Thursday, September 14, 2006

Equity Locust Invasion Wanes

From the Sacramento Bee:

Investors Ron Rael of Novato and Kirk McKinney of Pacifica had a ride of their lives during Sacramento's housing boom. They bought houses low and watched the values go sky-high while renting them out. In hindsight, Sacramento's fast rise from a relatively inexpensive market to one of the priciest in the West could make almost any investor appear like a genius.

No more. The investors' game has moved to Texas, New Mexico and Oklahoma, they say. Neither Rael, McKinney nor any of their Bay Area investor colleagues much care now for Sacramento's languid market...

Much diminished, too, amid the still-expensive price tags of 2006 is the rush of Bay Area residents toward Sacramento's home prices. "You got more bang for your buck a couple of years ago than you do today," said Poppy Stercl, a mortgage broker who lives in Rocklin. She said people who once came with $300,000 in equity to buy houses for cash now find they can't do it when the prices top $500,000...

"The prices aren't competitive anymore. They're just lousy California high," said Stephen Levy, director of the Palo Alto-based Center for the Continuing Study of the California Economy. "For eight, nine or 10 years, the Sacramento median price was near the national average and now it's more than double the national average..."

Collectively, these sentiments have become key factors in Sacramento's flat or falling prices and its record pileup of more than 15,000 homes for sale as summer's big buying season comes to an end. The wave of investors and Bay Area arrivals who helped drive the region's real estate market to what many believe were unreasonable heights has primed it now for an aftermath that no one can yet measure. Adding to the uncertainty is the continuing inability of many locals to afford even today's weakened prices as the market slowdown enters its second year.

"You had something that other counties didn't, a big influx of buyers from other areas," said John Karevoll, analyst for the La Jolla-based research firm DataQuick Information Systems. "Now the market is going back to core activity where local demand is self-generated."

Even as high-flying real estate markets from San Diego to Boston are coming back to earth, some believe Sacramento is particularly vulnerable because outside forces that propelled it skyward have dissipated.

Oh. Sacramento is special after all.
In the first quarter of 2004, more than one in four houses sold in Sacramento County were to investors and second-home buyers. But at last count this summer it was closer to one in six, according to DataQuick...

Altogether, investors bought more than 73,000 homes in Amador, El Dorado, Nevada, Placer, Sacramento, Sutter, Yolo and Yuba counties between 2000 and June 2006, DataQuick reported. More than 22,000 of them were from buyers with Bay Area addresses. But those numbers are now falling greatly.

Similarly, the percentage of "flippers" buying in the Sacramento region fell by half between March 2005 and last June, according to HomeSmartReports.com, a San Juan Capistrano real estate Web site. In early 2005, nearly 6 percent of the region's home sales were properties owned less than half a year. None could be considered part of the region's "core housing market of putting roofs over their heads," said Mike Ela of HomeSmartReports.com.
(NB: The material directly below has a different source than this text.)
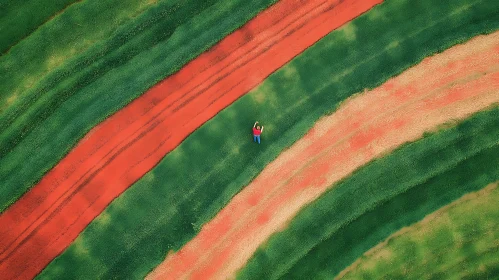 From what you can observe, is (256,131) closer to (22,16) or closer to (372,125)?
(372,125)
Then, the Sacramento region ranked second statewide for "flipping," the business of buying a house and quickly reselling it for profit. Only San Joaquin County had more, with its rapid home appreciation also fueled by Bay Area migration. But by early this summer, "flipping" represented only 2.4 percent of sales in the capital region -- while 28 percent of investor-sellers reported losing money on their deals, Ela reported...

4 comments:

hemorrhoidforhousing said...

Hmmm...I'm thinking the nice house along the American River in Fair Oaks may be something I can look at in about a year or two.

Reality has a way of coming back and biting those who chose to disregard it.

sf jack said...

"Reality has a way of coming back and biting those who chose to disregard it."
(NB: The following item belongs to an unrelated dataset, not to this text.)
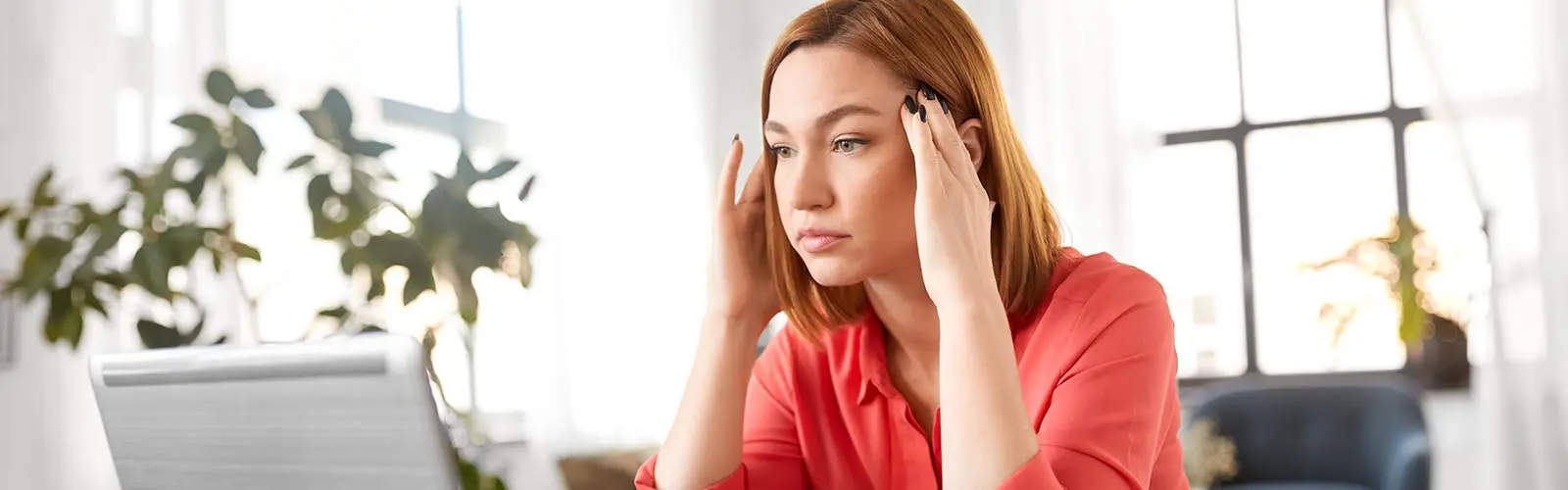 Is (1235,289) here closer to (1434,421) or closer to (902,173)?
(1434,421)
I remember saying those exact words in 2000.

Though I probably threw in some other choice words on occasion.

Now I get to say them again in 2006, being a double-bubble survivor, of sorts.

Anonymous said...

I don't think price drops will be as dramatic as many housing bears think. Much of the drop will be due to inflation rather than a decline in nominal prices.
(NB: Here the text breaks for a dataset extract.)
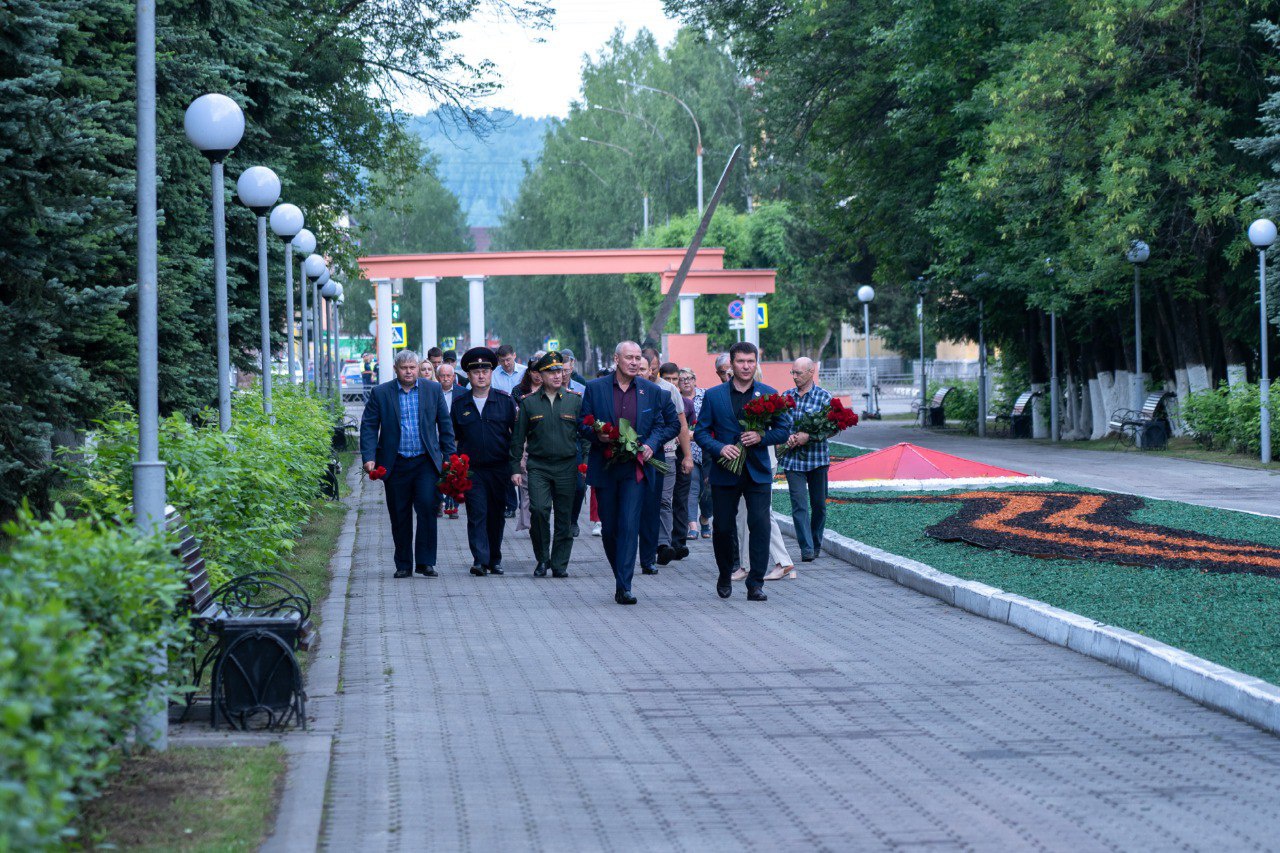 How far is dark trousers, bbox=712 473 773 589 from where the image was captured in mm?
12742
If nominal prices drop, say, 15 percent over the next three years, then stay flat for the following three years, that would equate to about a one-third drop in real prices over 6 years, assuming an annual inflation rate of 3 percent over the 6-year period.

I don't think we'll see much more than a real decline of one-third, which would be quite substantial. Yet this could be accomplished with quite undramatic drops, relatively speaking, in nominal prices.

I think nominal prices will decline 10-15 percent as the cycle completes itself, but that will be about it.

Anonymous said...

depends on whether Bush decides to bomb Iran, if China pulls money out of the treasury market and if oil prices and interest rates go through the roof.